Es weht frischer Wind in Italiens Museenlandschaft. Das Land startet eine Revolution in den Spitzenmuseen des Landes und beruft neue Direktoren, darunter auch drei Deutsche.

Italien nennt sich gerne „il Belpaese“, das schöne Land. Es nimmt für sich in Anspruch, die meisten Kunstschätze der Erde zu besitzen, und in der Tat taucht kein Staat in der Weltkulturerbeliste der Unesco häufiger auf. Doch gerade über die Spitzenmuseen, über jene mit den allergrößten Schätzen, ist die Zeit hinweggegangen. „Leere Schachteln sind das, besetzt von ein paar alten Funktionären, die von Jahrzehnten schlechter Politik gedemütigt sind“, schreibt der neapolitanische Kunstprofessor Tommaso Montanari. Und in der Tageszeitung „Corriere della Sera“ rechnet Gian Antonio Stella als einer der unerbittlichsten Analytiker italienischer Verwaltungspraxis vor, dass die Reichtümer unterm Strich keine sind: „Das Metropolitan Museum in New York allein erzielt mit 350 Millionen Dollar im Jahr praktisch ebenso hohe Besucher- und Spendeneinnahmen wie unser gesamtes System aus Museen, archäologischen Stätten, Bibliotheken ...“

Das soll sich jetzt ändern. Kulturminister Dario Franceschini hat bei den Vorzeigemuseen des Landes eine wahre Revolution angezettelt. Dass sie einschneidend ist, darin sind sich Befürworter und Kritiker einig. Die Reform räumt zum einen mit dem Vorurteil auf, dass die größten italienischen Schätze nur von gebürtigen Italienern optimal gehütet werden können: In den Spitzenmuseen hat Franceschini nun sieben der 20 Direktorenposten mit Ausländern besetzt, darunter drei Deutsche und zwei Österreicher. So wurde der gebürtige Freiburger Eike Schmidt zum neuen Chef der Uffizien in Florenz bestellt, Cecilie Hollberg wechselt vom Städtischen Museum Braunschweig an die dortige Galeria dell’Accademia, der Archäologe Gabriel Zuchtriegel übernimmt den Tempelpark in Paestum. Peter Assmann, langjähriger Leiter des Museumsbunds Österreich, wird an die Spitze des Fürstenpalastes in Mantua berufen. Auch haben von den frisch berufenen Italienern vier ihre Karriere im Ausland gemacht.
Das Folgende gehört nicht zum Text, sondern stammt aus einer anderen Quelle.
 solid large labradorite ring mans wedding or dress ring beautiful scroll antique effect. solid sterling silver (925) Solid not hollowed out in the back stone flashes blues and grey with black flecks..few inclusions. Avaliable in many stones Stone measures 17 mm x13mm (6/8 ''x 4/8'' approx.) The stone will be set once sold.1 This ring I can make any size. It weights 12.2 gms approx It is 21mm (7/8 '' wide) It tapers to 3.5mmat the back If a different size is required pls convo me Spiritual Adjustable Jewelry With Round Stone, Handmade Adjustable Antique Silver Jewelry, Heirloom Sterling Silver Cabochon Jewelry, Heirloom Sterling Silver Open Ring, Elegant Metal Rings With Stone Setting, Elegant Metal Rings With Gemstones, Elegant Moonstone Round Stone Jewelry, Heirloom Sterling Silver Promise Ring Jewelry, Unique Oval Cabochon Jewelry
Reform soll alte Ordnungen aufbrechen

Zum anderen trennt das vom Parlament einmütig beschlossene Reformgesetz nun erstmals Denkmalschutzbehörde und Museum. Die Präsentation der Kunst soll künftig denselben Stellenwert besitzen wie die Obhut der Meisterwerke und der antiken Relikte. „Valorisierung“ nennt sich das neue Prinzip, was man mit „etwas draus machen“ übersetzen könnte. Die Kritiker des Gesetzes meinen jedoch, die Kultur würde damit „geschlachtet“. Sie fürchten eine Invasion der Unterhaltungsindustrie unter dem Diktat der Gewinnmaximierung. Dabei wohne der italienischen Weltkunst doch der Auftrag inne, „die Plebs zu erziehen und in Bürger zu verwandeln“. So sagt es Antonio Paolucci, Chef der Vatikanischen Museen.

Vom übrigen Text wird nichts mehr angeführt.